Con le miriadi di giovanotti costretti ad addobbarsi da amish, sperduti in capanne di legno a rimestare amori perduti, ancora rinchiusi in cameretta a giochicchiare con la pianola del primo compleanno, tocca ad artisti più attempati alzare la voce e raffigurare con foga e passione il diavolo fagocitante che presiede alle faccende degli uomini falsamente liberi. Ed è così che il rap di “More Money, More Fire” costruisce la scenografia delle riot londinesi – un’umanità diseredata a cui l’unica risposta che viene data è: “Fight Them Back”.
Nel caso di Steve Mason, “alzare la voce” è un concetto da intendersi in senso altamente metaforico, e “Monkey Minds In The Devil’s Time” è infatti un’opera teatrale sfuggente e quasi confusa, la cui scena è però illuminata dalla grande scrittura pop della voce della Beta Band.
Spoken word sepolcrali, neofolk introducono il pop suadente e obliquo del disco, che ricorda l’elegante, sublime, affascinante intellettualismo dissimulato degli Elbow di “The Seldom Seen Kid” (“Lie Awake”) – quella grandeur da britpop borghese (“Never Be Alone”); la dolce, compassionevole malinconia di “Come To Me” potrebbe essere quella di un brano scritto da Gerard Love; anche il coro gospel di “Lonely” viene presentato con la classe del pop Beck-iano della Beta Band, così come nel Motown plastico e sussurrato di “Fire!” e nel country anni 70 di "Oh My Lord".

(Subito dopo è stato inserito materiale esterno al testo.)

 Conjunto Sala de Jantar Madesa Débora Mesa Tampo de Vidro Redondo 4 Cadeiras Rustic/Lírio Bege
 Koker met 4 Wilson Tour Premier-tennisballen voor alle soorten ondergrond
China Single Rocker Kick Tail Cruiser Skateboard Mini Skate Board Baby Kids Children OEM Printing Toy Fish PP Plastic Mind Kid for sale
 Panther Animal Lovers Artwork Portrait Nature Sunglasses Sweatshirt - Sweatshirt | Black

Insomma, altro che popstar arrabbiata con la cartuccera piena di slogan: “Monkey Minds In The Devil’s Time” è un vero musical della protesta. Fatto non per spettacolarizzare un avvenimento, per sfruttare con facilità l’inerzia dei movimenti giovanili – piuttosto, con la consapevolezza del potere che un lavoro d’arte può dare a questi ultimi.

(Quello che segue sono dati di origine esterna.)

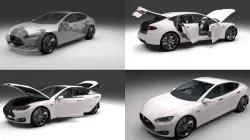 Tesla Model S with chassis-interior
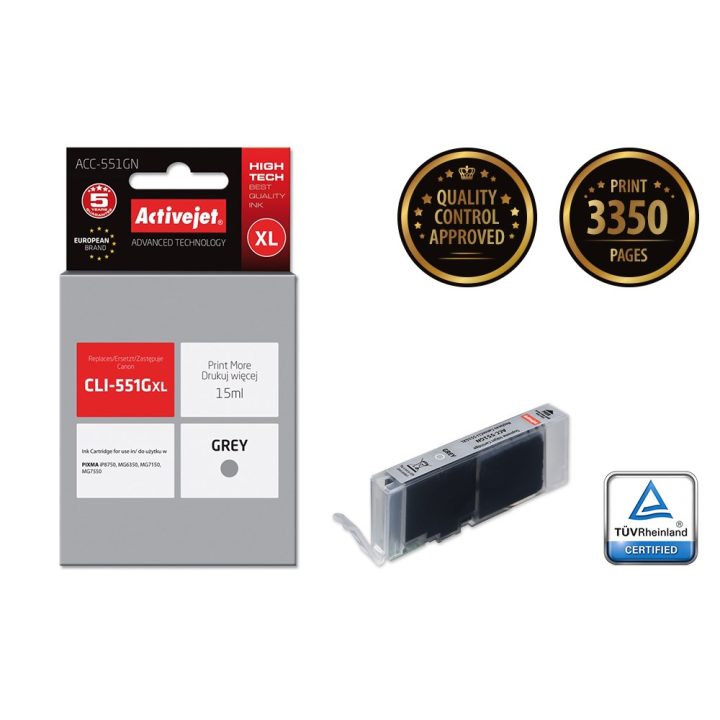 Activejet ACC-551GN Ink (replacement for Canon CLI-551G Supreme 15 ml gray)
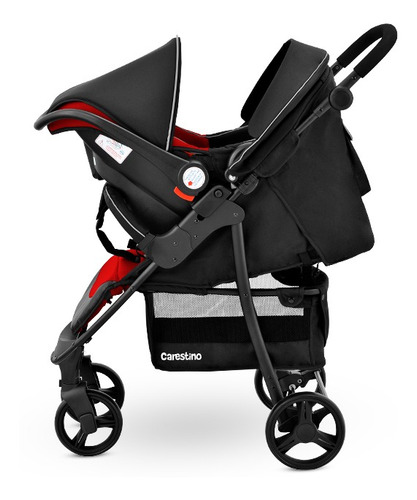 Carrinho de bebê de paseio travel system Carestino Travel System City Travel vermelho com chassi de cor preto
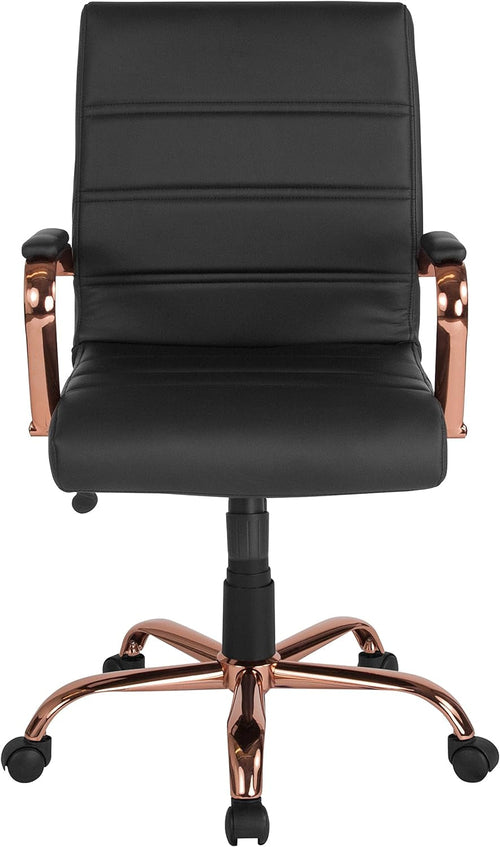 Whitney Mid Back LeatherSoft Desk Chair With Adjustable Height Black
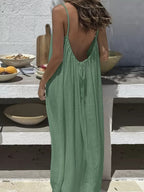Solene | Bohemian Backless Pleated Cami Maxi Dress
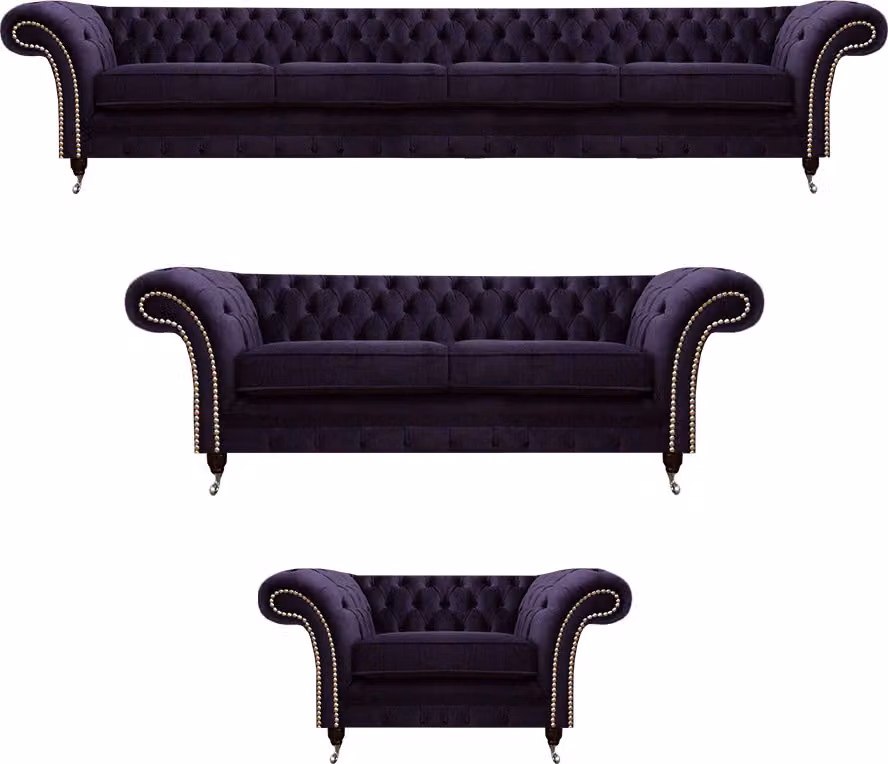 Luxus Sofa Garnitur Lila Design Chesterfield Polstermöbel Wohnzimmer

Certo, qualcuno potrebbe pensare che, senza i gabbiani, le telecronache brasiliane di Formula 1 e tutto il corredo che questa pop opera di venti brani si porta dietro, la scrittura di Mason sarebbe rimasta ed emersa in maniera più ordinaria ma più soddisfacente. Ma in questi casi va anche rispettata la volontà espressiva e narrativa dell’artista, al di là delle esigenze “alimentari” dell’ascoltatore.